Table 5 compares the different variables taken into consideration when deciding which line of therapy to use for a patient with RRMS. As we shift from first-line treatment to second-line treatment, the adverse effects increase, along with efficacy, which restricts clinicians to only use them in progressed cases. Many studies out there are more focused on efficacy, but not much research is done on the adverse reactions of DMTs. Thus, studies should be carried out to document the severe adverse effects of all therapeutic options for multiple sclerosis.
Table 5. Comparison of first-line and second-line therapies for RRMS.
RRMS: relapsing-remitting multiple sclerosis
Criteria | First-line therapies | Second-line therapies |
Efficacy | Moderate to high | High |
Compliance | Low to moderate | Moderate to high |
Relapse rate | Moderate | Low |
Adverse effects | Mild to moderate | High |
Discontinuation rate | Moderate | High |
Cost | Moderate to high | High |
Conclusions
This literature review has undertaken a comprehensive examination of therapeutic options for multiple sclerosis, serving as a valuable resource for healthcare practitioners when choosing a treatment option and the research community when advancing therapeutic options. The available disease-modifying therapies (DMTs) for relapsing-remitting MS (RRMS) are classified into first-line, second-line, and third-line treatments and further classified based on their clinical end points such as safety, efficacy, and tolerability. The newer DMTs for RRMS were also discussed and compared to older therapies based on several important factors. Different guidelines for MS were examined and discussed in this paper to allow for a quick comparison when choosing a school of thought to approach MS. Ultimately, the different guidelines for MS management all recommend administering DMDs to reduce the risk of relapses and disability progression, with the focus on patient characteristics, disease severity, and accessibility.
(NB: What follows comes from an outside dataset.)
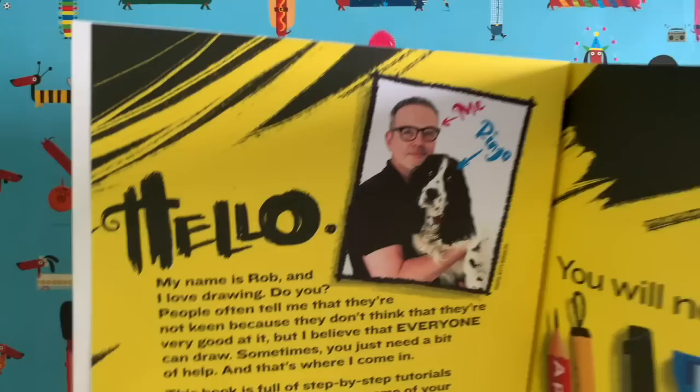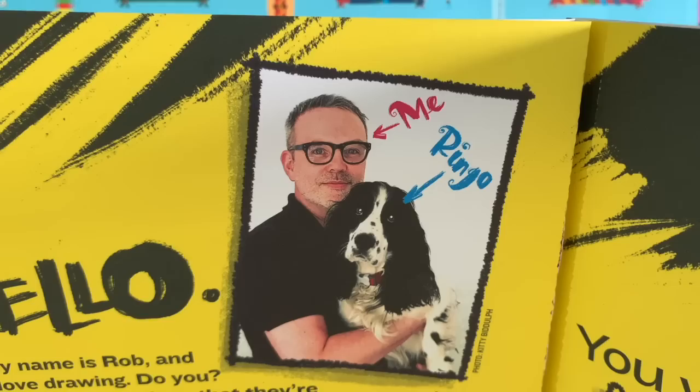Hello everybody and welcome to another edition of Draw with Rob, with me, Rob Biddulph. I'm the one on the left, just in case you were wondering — that's a picture of me in the new Draw with Rob activity book. Now, I am a children's author and illustrator.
Early treatment is essential to prevent disease progression and improve the quality of life of MS patients. More research is needed to compare the adverse effects of DMTs, develop cost-effective drugs, and improve patient compliance. Ultimately, advancements in MS treatment can potentially change a patient’s disease course and improve the standard of care.
The authors have declared that no competing interests exist.